Compress — multiply by W_down (4→3 dimensions):
Element 0: (1.384×0.4) + (-0.024×0.3) + (0.172×-0.5) + (0.778×0.2) = 0.617
Element 1: (1.384×-0.2)+ (-0.024×0.8) + (0.172×0.1) + (0.778×0.4) = 0.032
Element 2: (1.384×0.6) + (-0.024×-0.1)+ (0.172×0.7) + (0.778×0.3) = 1.186
Compressed: [0.617, 0.032, 1.186]
Residual add — add FFN’s output back to the original input:
[2.000, -0.500, 1.000] ← original (before FFN)
+ [0.617, 0.032, 1.186] ← FFN's modification
= [2.617, -0.468, 2.186] ← output of this layer
The vector shifted: dimension 0 grew, dimension 1 barely moved, dimension 2 roughly doubled. This enters layer 2, where different weights do a different transformation, another activation bends it again, and the residual adds again.
Why this can’t collapse into one step: without the activation, W_up followed by W_down is just two matrix multiplications — and there always exists a single 3×3 matrix that produces the same result. You could delete the FFN entirely and replace it with one matrix. But because the activation bent the intermediate values — treating 1.65 differently from -0.05 — no single matrix can replicate what happened. The expand-bend-compress is fundamentally more powerful than one step. Multiply that difference across 80 layers and it’s the difference between a model that can predict language and one that can’t.
The residual connection is also important: instead of replacing the vector with the layer’s output, you add the layer’s output to the original input vector.
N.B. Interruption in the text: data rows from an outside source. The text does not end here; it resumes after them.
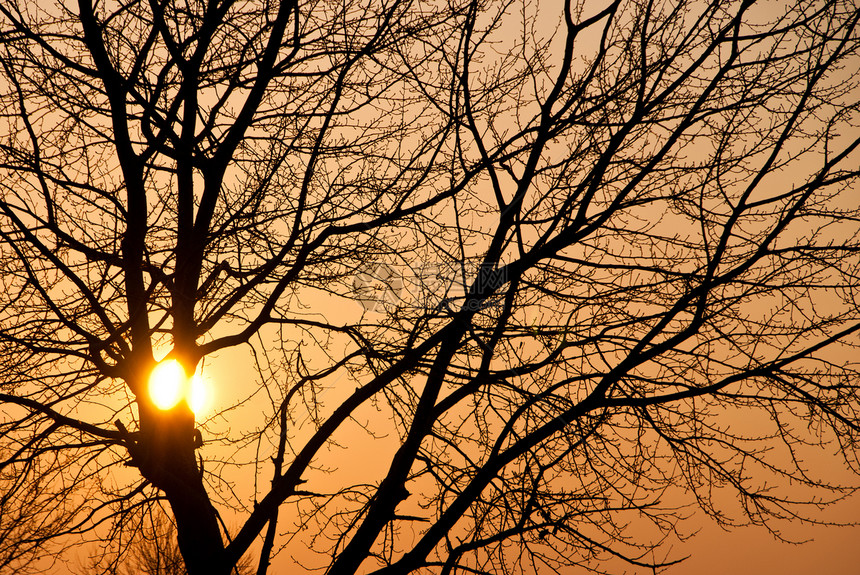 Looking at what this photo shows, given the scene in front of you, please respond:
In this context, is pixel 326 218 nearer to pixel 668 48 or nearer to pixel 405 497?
pixel 405 497

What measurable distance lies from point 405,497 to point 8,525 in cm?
285

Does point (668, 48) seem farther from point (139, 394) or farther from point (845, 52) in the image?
point (139, 394)

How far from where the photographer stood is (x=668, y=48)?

So each layer computes a change to the vector rather than a replacement. This means information can flow straight through the network without being forced through every layer — it prevents early information from getting lost as the vector passes through 80 transformations.
Performance profile: The matrix multiplications (W_up, W_down) and the activation function have very different performance characteristics. The matmuls are compute-bound during prefill — they’re the big dense operations that GPUs are built for, with high arithmetic intensity (many FLOPs per byte loaded from memory). The activation function is memory-bandwidth bound — it reads each number, does one cheap operation (multiply by its sigmoid), and writes it back. Almost no math per byte of data. The activation is effectively free relative to the matmuls; it takes negligible time. The residual addition is also bandwidth-bound and trivially cheap — it’s an element-wise add of two vectors. In total, the FFN’s cost is dominated entirely by the two (or three, with SwiGLU) matrix multiplications.